I’ll tell you what, I’ve owned a lot of hardware over the years, and Apple has had a really good track record of durability for me. Maybe things have changed in recent years—especially on ultra-thin laptops, but every iOS device I’ve owned has worked well for years, and my desktop Macs ran just fine (had a perfectly functional 2009 cMP that I just sold last year). I always found Apple hardware to be quite well engineered to be honest. Compared to the many MS devices I’ve owned (Surfaces, Bands, Xbox, Lumia), the differences are night and day. I’ve RMAed more MS hardware than I can count. I won’t tell you Apple is perfect, but they have produced a lot of worry free devices for me. 

That said, I do think Apple tried to stick too much hardware into too thin a chassis, so I’m not surprised that there are thermal or other issues. I do wonder about the GPU, too—are there even any other Vega 20 laptops on the market?


----------



## FordGT90Concept (Feb 8, 2019)

It's not a design flaw, it's a driver/firmware/operating system bug which will likely get fixed pretty quick.


----------



## Aquinus (Feb 9, 2019)

A single device failed? My god, call in the military, we desperately need assistance!


----------



## TheinsanegamerN (Feb 9, 2019)

cdawall said:


> Those laptops are as thick as my 2014 MBP.


Oh NO! An extra .3 inches thick! My POOR BACK! Wont somebody think of those without muscles!


----------



## cdawall (Feb 9, 2019)

TheinsanegamerN said:


> Oh NO! An extra .3 inches thick! My POOR BACK! Wont somebody think of those without muscles!



Dude I barely wear clothes when I travel. Which is more often than probably a lot of people on here. Trust me 0.3" and half a pound for something with similar performance, but somehow worse battery life? Lol yea y'all keep hating apple products. I'm going to keep using my 2014 MBP which still maintains solid performance today.
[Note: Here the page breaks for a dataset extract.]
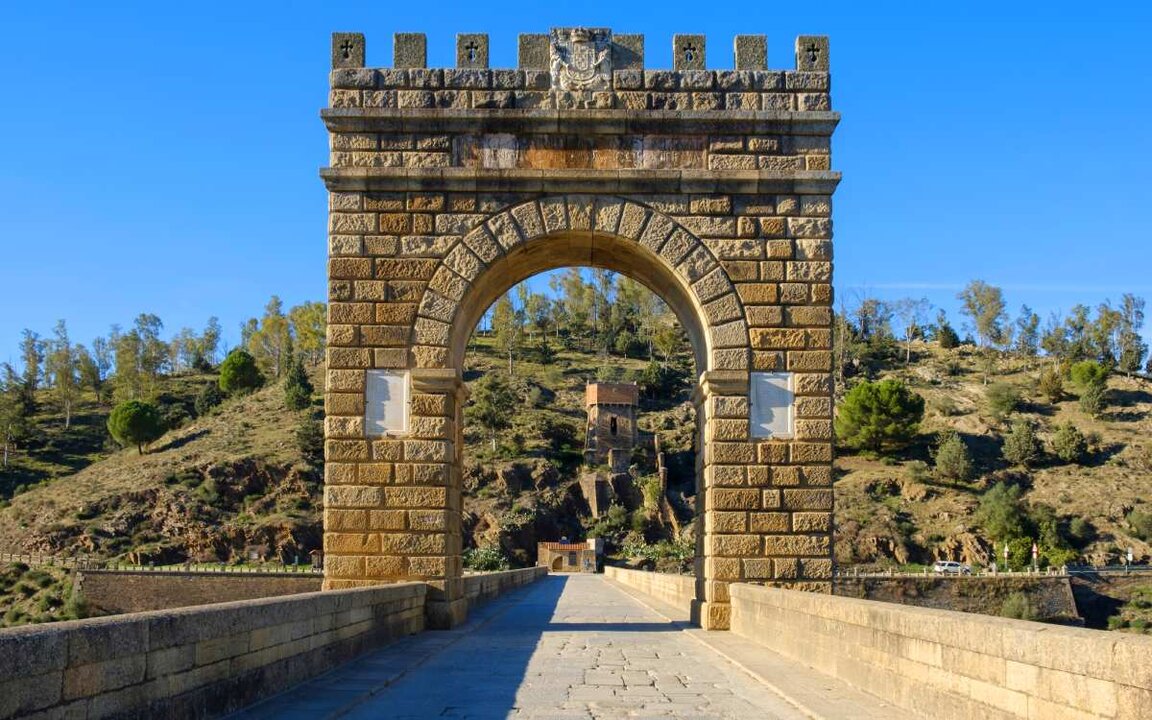 El arco que corona el puente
Something I cannot say about any thin and light windows machine.


----------



## jonnyGURU (Feb 9, 2019)

"TechPowerUp staff member Crmaris depended on this MacBook Pro to see him through the rigors of TechPowerUp's CES 2019 coverage, which includes image editing and video rendering on the move, which requires the serious CPU and GPU power on tap with this particular MacBook Pro variant."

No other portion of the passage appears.